Your goal: For this exercise, copy exactly the lines below from the one with "Porsche Cayenne Standard - 2" through the one with "Single Door 300 Litres Vision Chest Freezer" and leave out the pictures.

Material shown:
BEGIN

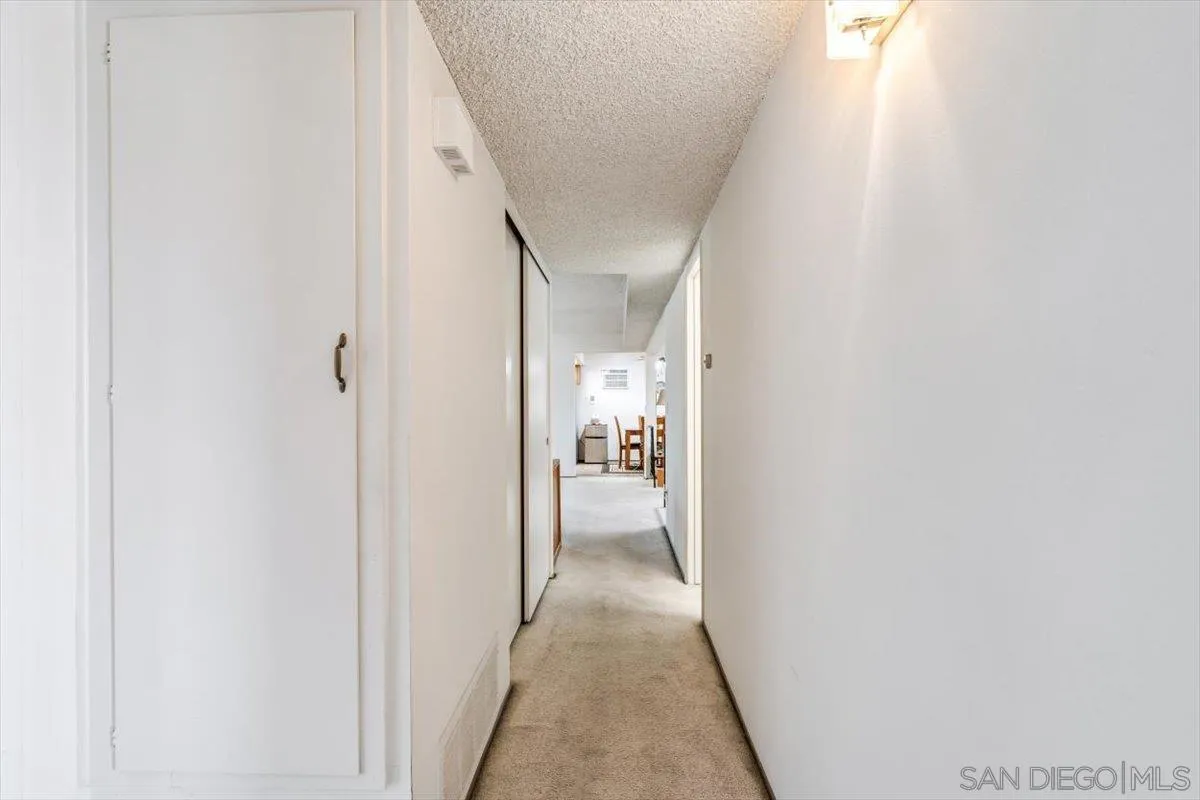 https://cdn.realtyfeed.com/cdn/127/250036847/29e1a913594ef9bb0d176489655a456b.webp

END
BEGIN

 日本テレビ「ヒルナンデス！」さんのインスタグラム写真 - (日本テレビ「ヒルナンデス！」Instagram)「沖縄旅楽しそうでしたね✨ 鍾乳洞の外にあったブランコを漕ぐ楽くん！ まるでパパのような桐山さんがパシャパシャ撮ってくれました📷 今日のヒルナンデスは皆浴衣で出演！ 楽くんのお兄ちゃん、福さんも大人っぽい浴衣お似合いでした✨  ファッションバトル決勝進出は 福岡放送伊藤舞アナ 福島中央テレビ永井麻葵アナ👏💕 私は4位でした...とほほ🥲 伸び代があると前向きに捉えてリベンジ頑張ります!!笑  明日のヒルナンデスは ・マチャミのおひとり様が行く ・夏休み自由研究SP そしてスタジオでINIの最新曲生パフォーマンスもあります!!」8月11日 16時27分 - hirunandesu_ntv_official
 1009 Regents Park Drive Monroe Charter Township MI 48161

END
BEGIN

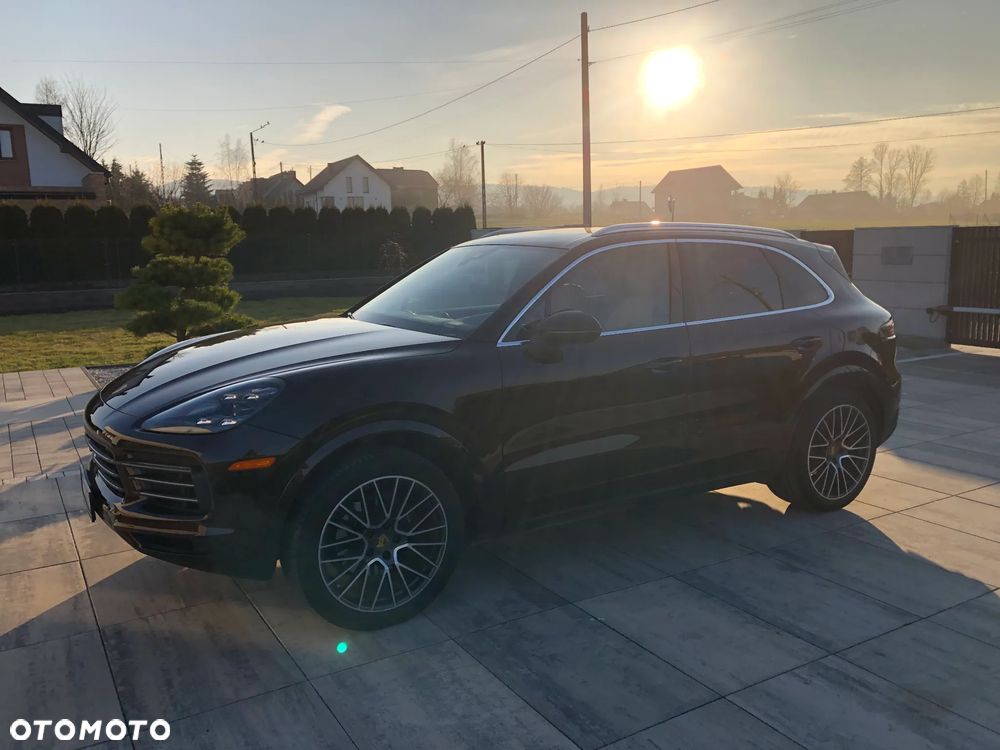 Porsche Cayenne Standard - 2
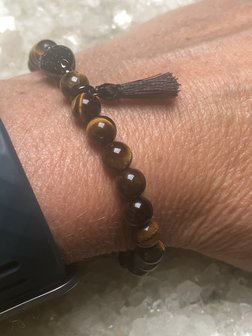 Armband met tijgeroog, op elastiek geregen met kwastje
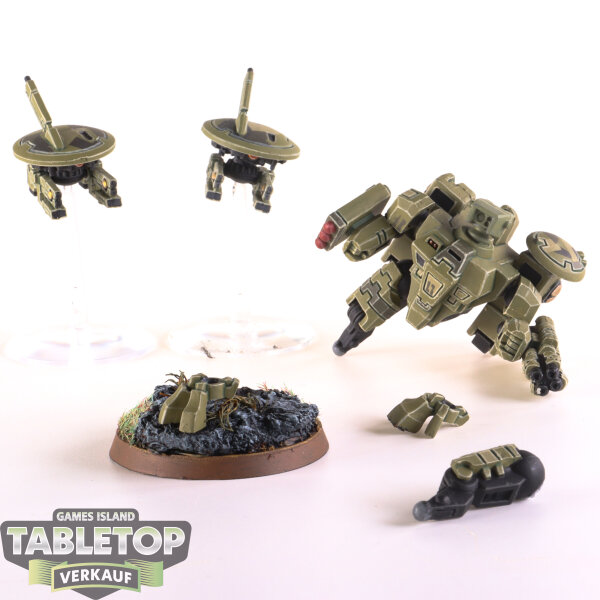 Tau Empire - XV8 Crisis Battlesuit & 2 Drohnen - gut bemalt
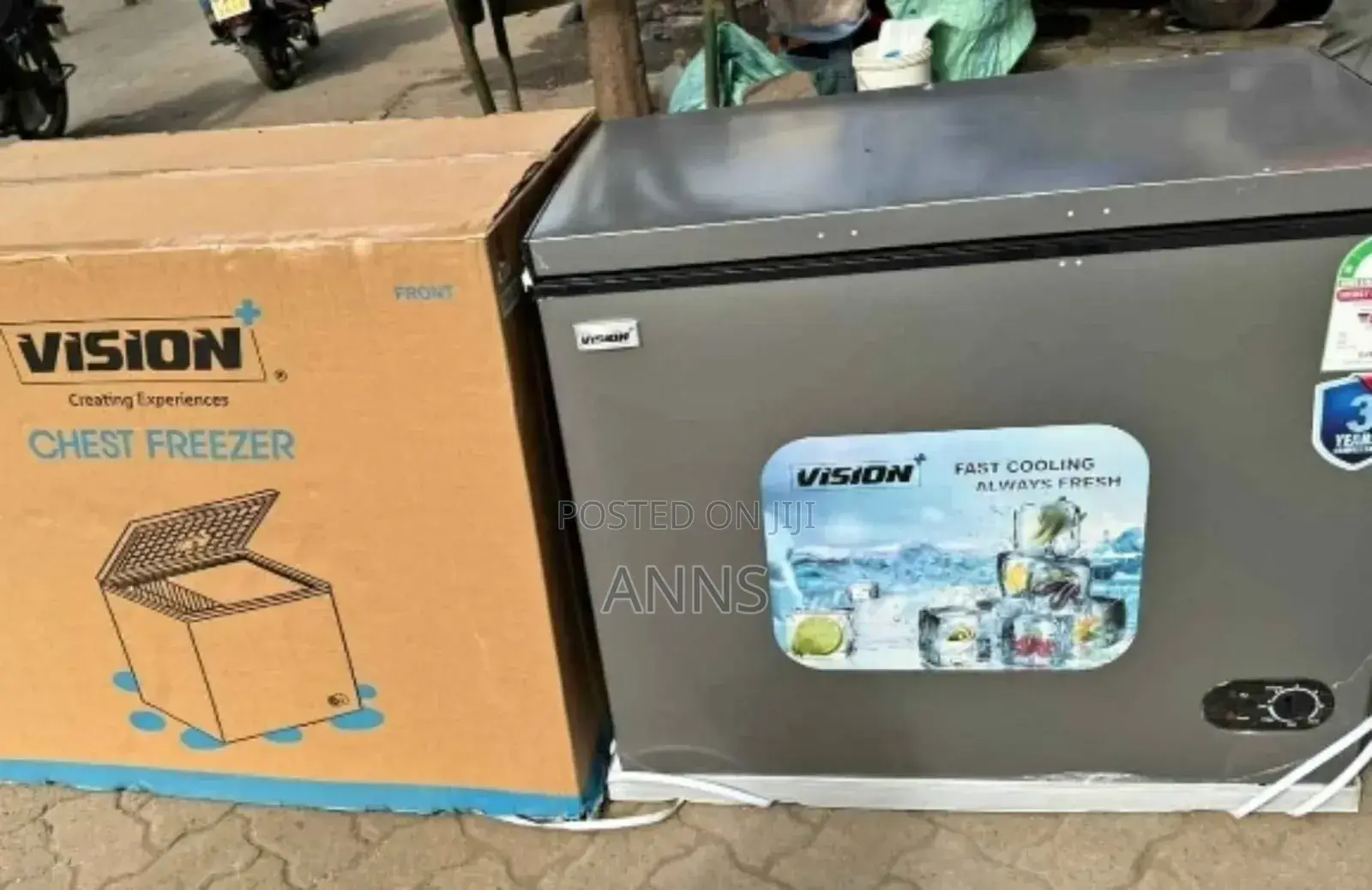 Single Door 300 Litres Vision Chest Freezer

END

Written solution:
 Porsche Cayenne Standard - 2
 Armband met tijgeroog, op elastiek geregen met kwastje
 Tau Empire - XV8 Crisis Battlesuit & 2 Drohnen - gut bemalt
 Single Door 300 Litres Vision Chest Freezer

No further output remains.